The whole workforce model in social care is not fit for purpose. Minimum rates of pay, no enhanced sick and annual leave entitlements, no respect as professionals, no national standards, etc. The system is completely fragmented which makes it extremely difficult to have a national response to the sector as was clearly demonstrated during the pandemic.

 

Zero hours contracts are also an issue in social care. Some care providers tell us that this is due to funding issues from local authorities, who are cash strapped themselves.

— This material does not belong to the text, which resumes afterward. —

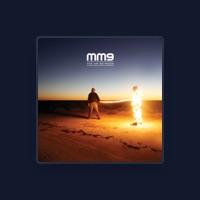 MM9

Serious investment into social care is essential if the employment model is to be modified and made attractive for people to want to work in care.

 

 

What is the role of integrated care systems in ensuring that local health and care organisations attract and retain staff with the right mix of skills?

 

 

ICSs are due to be up and running in all areas in England from April 2022.

 

It is absolutely essential that local unions are involved in these. GMB has concerns regarding how some are already operating. We have examples of where major decisions regarding the restructuring and closure of health services being taken at ICS board level without union involvement locally. After the decision has been taken at board level, details of the restructure and closure are cascaded down to the local hospital to implement. It is only at local hospital level that union representatives are notified of the major changes to our members terms and conditions of employment. However, by this stage, the decisions have been made and it is too late to engage with the process. Prior to this – consultation on the proposed changes would not only be done with workers, it would also include consultation with local communities.

 

Regardless of the above, ICSs have to commit to genuinely attractive pay and reward terms if they are to recruit and retain. There may also become an issue with competition between ICSs as they compete for staff by setting competitive rates, that poorer areas may not be able to follow.